Each week, our class has themes, typically as suggested by the teaching faculty based on their interests and expertise, and during our large-lecture day on Wednesday, the lead faculty on that topic leads an activity or lecture on that theme. I led two weeks this past semester, one on Digital and Media Literacy, which was similar to what I did the previous year and another on Art History.

For media literacy, I had a campfire video, and arranged the chairs in the room in a semi-circle around the “fire.” I told stories of how human communication has evolved over the millennia, starting with tales around a fire; fire being one of the first memes or ideas to go viral. We discussed memes and how they get and hold our attention. I showed how most of the technologies that we currently use have been introduced in the very recent history of human communication. Books have been around for centuries, writing much longer than that, images were the first written communication, but our digital tech is something old and something new. We are returning to the visual, the auditory, the storytelling roots of the campfire, but at the same time we are turning inward, we are using media to put distance between ourselves and others and we wonder why we are sad.

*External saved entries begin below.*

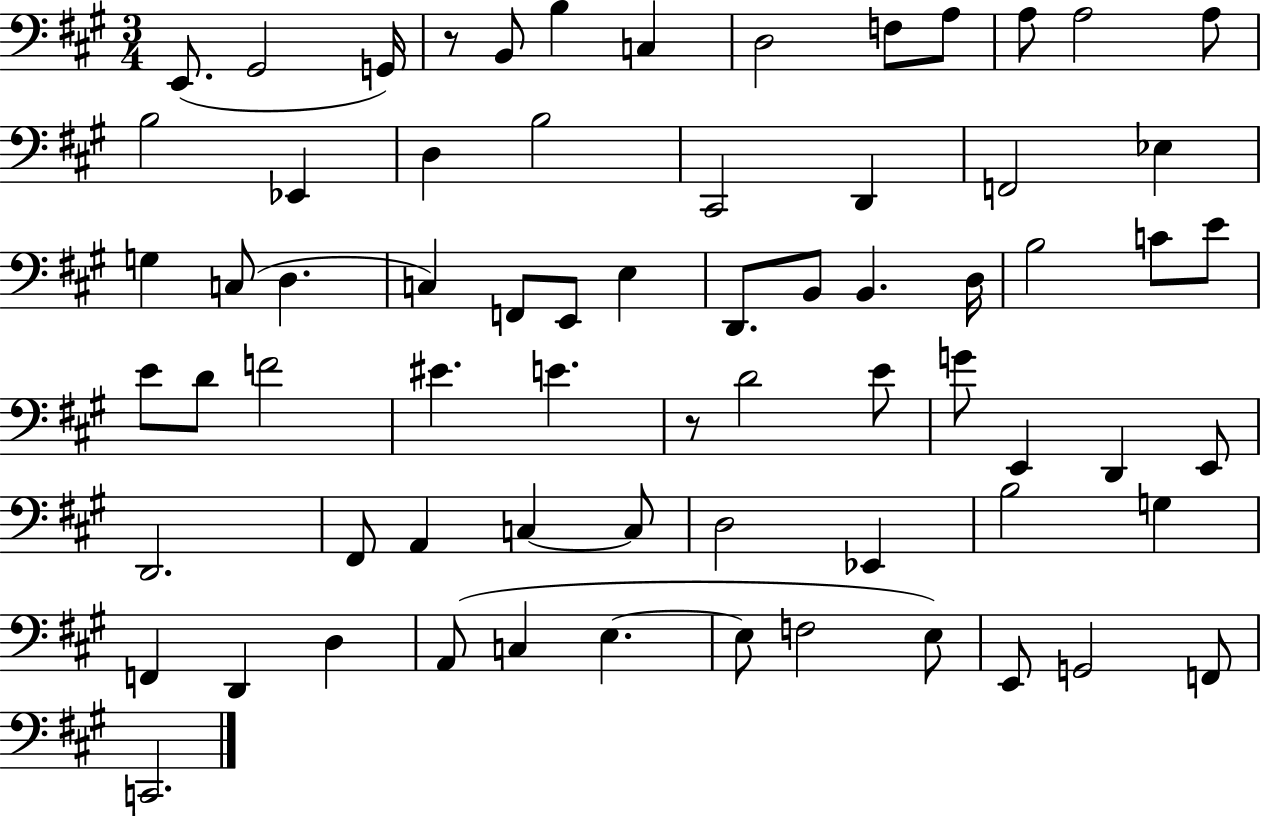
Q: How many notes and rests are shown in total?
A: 69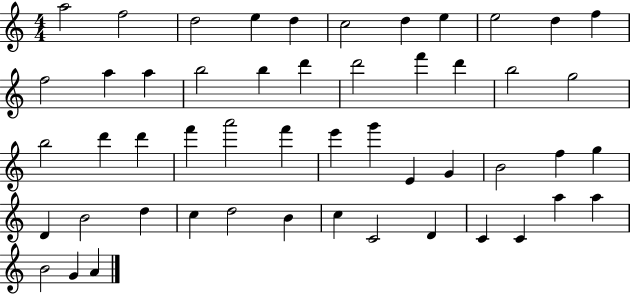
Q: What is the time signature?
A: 4/4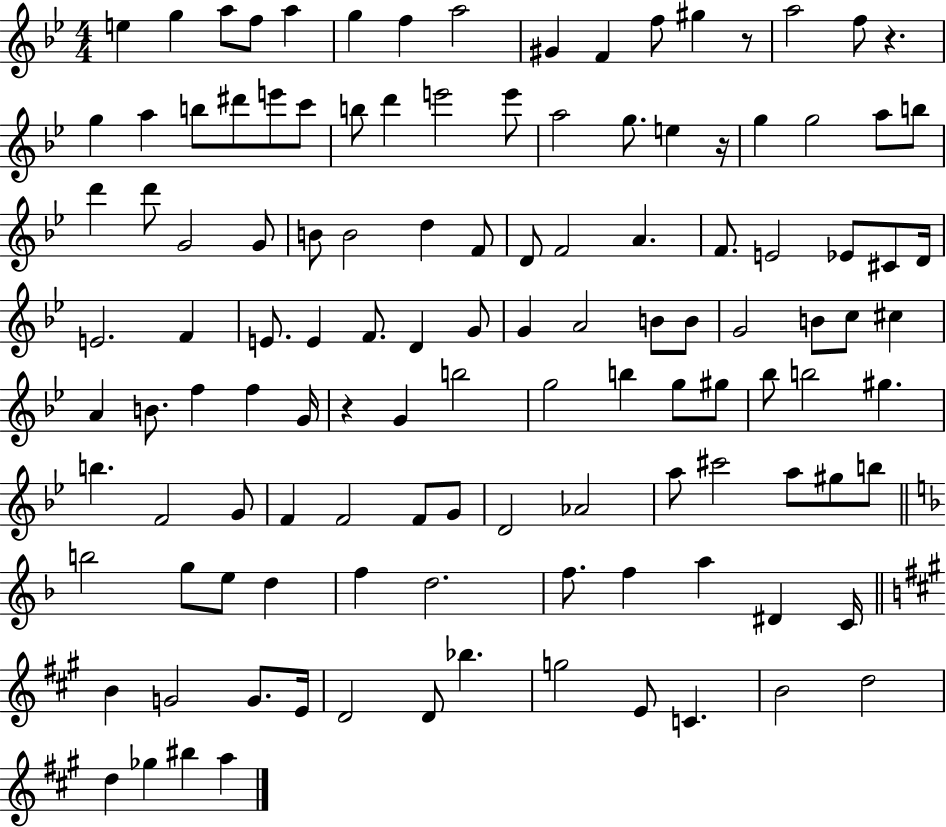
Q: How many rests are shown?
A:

I gave a media literacy assignment that encouraged using Social Media for the serious purpose of following experts in their chosen field to begin building a personal learning network.

The other theme I led was in Art History. This was something new. Again, there was a conflict on my week to do the Art History lecture because I had to go out of town on a recruiting trip. So I spend several hours making and recording a video lecture called You Should Know This Image.